ドメインへの関心は面接の際に趣味や質問攻勢によってすぐに分かってしまうだろう。面接官は企業ドメインのことを裏事情も含めて学生の何十倍もしっているから、知ったかぶりしてもすぐにばれてしまう。2チャンネルなどで情報を収集しようとしてもそのような薄っぺらい情報でやり合おうとするとかえって墓穴を掘る。となると、学生時代は好きなものをとことん追求するのがいいと思う。自分が熱中したことと、就活先の企業ドメインとの関係性が何かについてだけ抑えておいて、そこを説明し、メインは自分が何に集中したのかについて語るという作戦だ。(何も熱中したことがないのはその時点で難しい)

2つめの技術を吸収するポテンシャルがあるかどうかの判断は、履歴書や面接ではなかなかわからないしアピールするのも難しいと思う。そこで、自分が考えたのは学生時代に自分の成長のブログを作るという作戦だ。

例えば4年制の大学生なら2年~3年になったころから、自分の興味があることに対してどんな取り組みをしてどんな成果があったのかをブログに綴ってみるのだ。毎日でなくても毎週、もしくは月に2~3回でも更新を続け、どんなことに取り組み、どんな成果があったのか、何を反省しつぎに活かしたのかを写真や動画を入れて書いていく。

それって卒論、修論と同じだというかもしれないが、大学の先生の指導が入っていないぶんブログの方がその学生の実力がわかるし、日々の記録だからごまかしやうそ、見栄が効かない。その人の人生や姿勢が見える。

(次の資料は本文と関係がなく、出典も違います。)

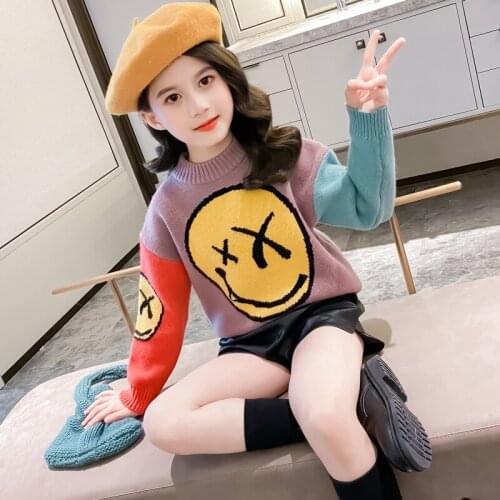 Girls Smiley Sweater Kids Outwear Tops Retro Fleece Thicken Warm Winter Autumn Knitting Christmas Pullover Children Clothing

そして、そのブログの URL を人事担当に送るのだ。人事担当は技術のことが分からないから、採用を希望している部門の技術部長クラスあたりに打診するのではないかと思う。自分なら、そのブログをざっと見ればその人がどんな人間でポテンシャルがあるかないかをだいたい判断できると思う。

文章がだんだんうまくなているかどうかも指標の一つになる。ようするに一夜漬けではごまかせないレポートだと思うのだ。

以上、自分の成果をブログに書いて就活に活かすという作戦いかがだろうか?
ちなみに、転職を考える技術者も内部情報を出さずに純粋にどんなスキルを獲得したかを綴るブログを書きためておくと自己アピールに効果があるかもしれない。

2 件のコメント:

zacky1972 さんのコメント...

> 何も熱中したことがないのはその時点で難しい

どうも最近そういう学生さん多いみたいです.それではまずいと思うので早いうちに何か指導したいのですが,正直どういう指導をすればいいか途方に暮れます.
自由の多さをもてあますみたいですね.むしろそういう学生さんには選択の自由を与えない方がいいのかもしれないです.

sakai さんのコメント...

ZACKYさん、コメントありがとうございます。困りましたねえ。『スキルの伝承は8割以上の企業が不十分な状況』にも書きましたが、

1. 自己選択(作業する場を明確にし、環境を整える)
3. 作業に関わる(提示は子どもが理解できる速度で)
3. 集中現象-繰り返しの活動-(姿を隠す、じょまをしない、口出しをしない)
4. 達成感・満足感(共感しともに楽しむ)

のサイクルを子供の頃に回す環境がなかったのかもしれません。やはり、小さい成功体験を積み重ねさせることしかないのではないでしょうか。そのときに、上記の自己選択の要素を取り入れることができるかどうかがカギのような気がします。